One area where a difference is likely to remain is on the myeloid side, Dr. Arber says. For patients who have 10 to 20 percent blasts, and who don’t have one of the recurring genetic abnormalities, the ICC adopted terminology to refer to these entities as MDS/AML, versus MDS-EB2 (excess blasts 2). The reason for this, he says: “Many of the clinicians wanted more flexibility in how to treat those patients.” The WHO classification has not adopted that approach, he notes. “Clinicians understand the blast counts, and they understand that these are equivalent between the two classifications, but it could cause confusion,” he says.
For physicians who practice in the community setting, any differences might seem onerous, at least at first, given that they’re treating so many different diseases, sans specialists. “They have a really hard job trying to keep up with every disease group they treat,” Dr. Arber says. “So the pathologist will have to help them in those settings. But I don’t think the terminology is so off the wall that it will be a huge problem. But the first time they encounter a diagnosis of MDS/AML, it may result in a conversation with the pathologist if they’re using that terminology.”

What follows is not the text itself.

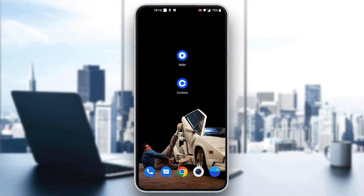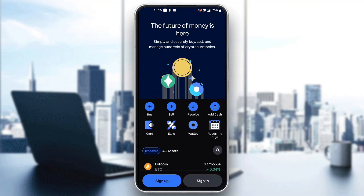The first thing you want to do is go ahead and open up the official Coinbase application on your mobile phone if you haven't already. After opening up Coinbase, you'll be greeted by this main page right here, which is the home page of Coinbase, where you can see you can either go ahead and sign up for a new account or sign into an existing one.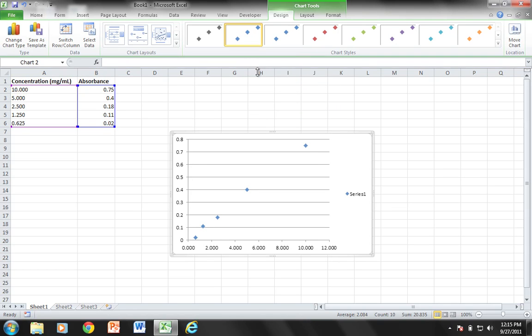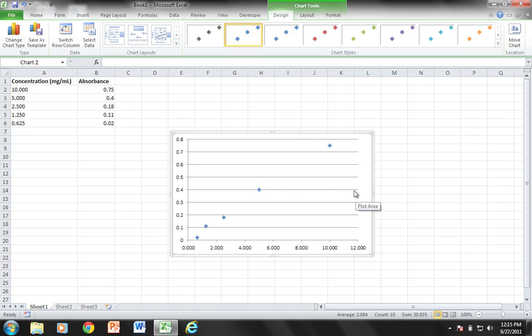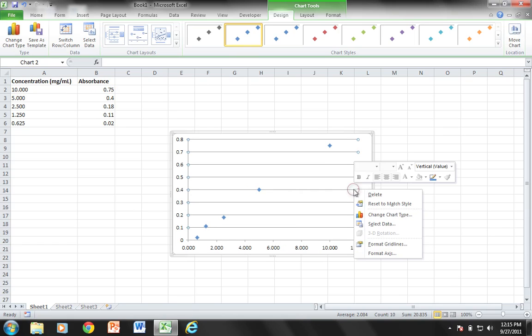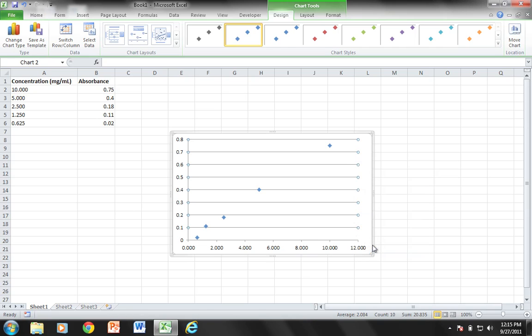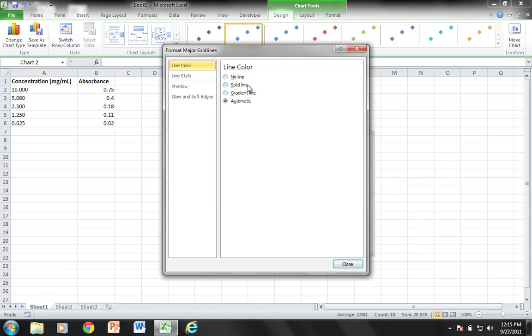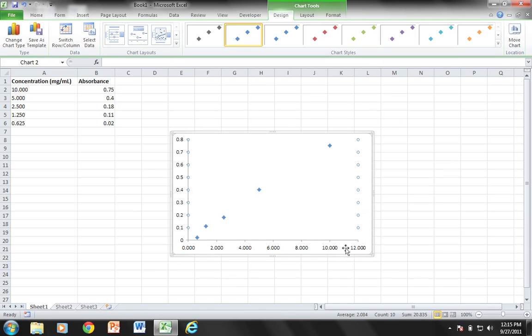Again, I'm going to clean this up by removing the series title. I'm going to format grid lines and choose no line, close, and then I'm going to come to my axes and format my axes.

Dr. Arber hopes the two classifications will be quite close in their final forms. “Even now, they’re very close,” he says. “I’d say if the WHO keeps what they’ve proposed, there will be at least 90 percent overlap, if not more.” Which shouldn’t necessarily come as a surprise. “It’s two groups of people looking at the same literature—90 percent of the time they’re going to come to the same conclusions.”
For his part, Dr. Khoury says “the only obligation is to use the WHO classification,” noting the WHO is the global standard-setting organization for cancer classification and the basis for tumor registries, cancer epidemiology and surveillance, and third-party payers, for example. The WHO classification will also continue to be the standard for the CAP cancer protocols, he says, “including those for reporting hematolymphoid cancers.”
Karen Titus is CAP TODAY contributing editor and co-managing editor.